39. A similar question came up for consideration before the Supreme Court in the case of Madan Lal v. State of U.P., AIR 1975 SC 2085. This was a case under the Indian Forest Act wherealso the question was with regard to the starting point of limitation for the purposes of filing an appeal. Section 17 of the Indian Forest Act prescribes a time limit of three months from the “date of the order” for presenting the appeal. The Supreme Court heavily relied upon its earlier decision in the case of Raja Harish Chandra Raj Singh (supra) and interpreted the expression “date of order” to mean the date of knowledge of the order passed without notice to and in the absence of the appellant.
40. In a recent case of D. Saibaba v.

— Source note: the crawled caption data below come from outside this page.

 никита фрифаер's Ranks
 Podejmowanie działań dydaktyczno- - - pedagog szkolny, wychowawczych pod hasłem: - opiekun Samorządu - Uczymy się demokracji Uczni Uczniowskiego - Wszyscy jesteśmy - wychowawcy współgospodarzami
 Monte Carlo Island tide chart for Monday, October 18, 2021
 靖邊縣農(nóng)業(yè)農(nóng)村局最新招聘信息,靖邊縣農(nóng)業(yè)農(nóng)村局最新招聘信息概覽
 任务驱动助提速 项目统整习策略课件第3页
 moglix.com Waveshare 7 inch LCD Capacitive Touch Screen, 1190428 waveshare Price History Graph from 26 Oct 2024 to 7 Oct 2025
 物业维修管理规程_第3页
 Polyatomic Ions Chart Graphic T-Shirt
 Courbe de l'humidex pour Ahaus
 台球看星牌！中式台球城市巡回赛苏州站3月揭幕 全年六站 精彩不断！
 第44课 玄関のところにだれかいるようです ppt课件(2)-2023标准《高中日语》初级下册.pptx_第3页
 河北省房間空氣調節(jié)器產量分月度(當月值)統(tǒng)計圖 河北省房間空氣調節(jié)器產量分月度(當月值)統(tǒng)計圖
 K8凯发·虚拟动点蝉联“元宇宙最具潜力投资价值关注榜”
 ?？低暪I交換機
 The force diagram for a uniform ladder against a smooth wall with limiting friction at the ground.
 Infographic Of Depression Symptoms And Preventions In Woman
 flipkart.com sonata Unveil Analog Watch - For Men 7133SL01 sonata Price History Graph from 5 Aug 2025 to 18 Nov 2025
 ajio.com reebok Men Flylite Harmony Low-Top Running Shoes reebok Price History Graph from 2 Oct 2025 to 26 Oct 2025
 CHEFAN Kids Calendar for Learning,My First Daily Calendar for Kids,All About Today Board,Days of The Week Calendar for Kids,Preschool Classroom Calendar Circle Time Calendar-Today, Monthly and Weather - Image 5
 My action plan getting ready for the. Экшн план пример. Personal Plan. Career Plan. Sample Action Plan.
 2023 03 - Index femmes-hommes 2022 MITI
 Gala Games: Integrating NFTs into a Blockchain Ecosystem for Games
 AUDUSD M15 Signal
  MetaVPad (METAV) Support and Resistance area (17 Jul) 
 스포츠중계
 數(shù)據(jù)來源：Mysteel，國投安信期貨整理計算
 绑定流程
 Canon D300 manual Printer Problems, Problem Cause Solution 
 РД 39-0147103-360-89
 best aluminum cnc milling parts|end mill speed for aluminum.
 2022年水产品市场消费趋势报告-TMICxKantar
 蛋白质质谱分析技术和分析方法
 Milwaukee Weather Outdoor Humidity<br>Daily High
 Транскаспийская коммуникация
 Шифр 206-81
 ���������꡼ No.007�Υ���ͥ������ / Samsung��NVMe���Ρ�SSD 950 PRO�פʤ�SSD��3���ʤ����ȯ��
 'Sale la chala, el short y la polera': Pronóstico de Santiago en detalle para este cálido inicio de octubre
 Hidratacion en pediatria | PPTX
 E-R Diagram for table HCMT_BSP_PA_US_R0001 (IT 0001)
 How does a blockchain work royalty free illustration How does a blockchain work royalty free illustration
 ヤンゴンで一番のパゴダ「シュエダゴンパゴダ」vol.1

Bar Council of India  6 SCC 186 the Supreme Court was seized with the consideration of the expression “sixty days from the date of that order” used in section 48AA of the Advocates Act, 1961 which confers power of review upon the authority concerned. The court held that where the law provides a remedy to a person, the provision has to be so construed to make the availing of the remedy practical and the exercise of power conferred on the authority meaningful and effective. A construction which would render the provision nugatory ought to be avoided. The words “the date of that order”, therefore, mean and must be construed as meaning the date of communication or knowledge, actual or constructive, of the order sought to be reviewed.
41. In short, the ratio is that for the purposes of calculating limitation the expression “from the date of the order”, is to be construed to mean “the date of communication or knowledge of the order.”
42. In the instant case, the date of knowledge of the order, according to the petitioner is August 18, 1988 and the date of actual service and communication undisputedly happens to be August 29, 1988. The appeal was preferred on September 19, 1988. On September 18, 1988 there was a holiday. Thus, the appeal was within limitation both from the date of knowledge of the order and its service.
43. In this view of the matter, the appellate authority manifestly erred in law in dismissing the appeal as barred by time.
44. Accordingly, I am of the opinion that the order passed by the appellate authority on both counts that the appeal is not maintainable and is barred by time is unsustainable in law and the writ petition deserves to be allowed.
45. The order impugned dated October 5, 2010 (annexure 9 to the writ petition) passed by respondent No. 1, Commissioner of Income-tax, Kanpur is hereby quashed and a writ of certiorari is directed to be issued accordingly and respondent No. 1 is directed to decide the appeal in accordance with law, on the merits, as expeditiously as possible.
46. In the circumstances, the writ petition stands allowed. However, there shall be no order as to costs.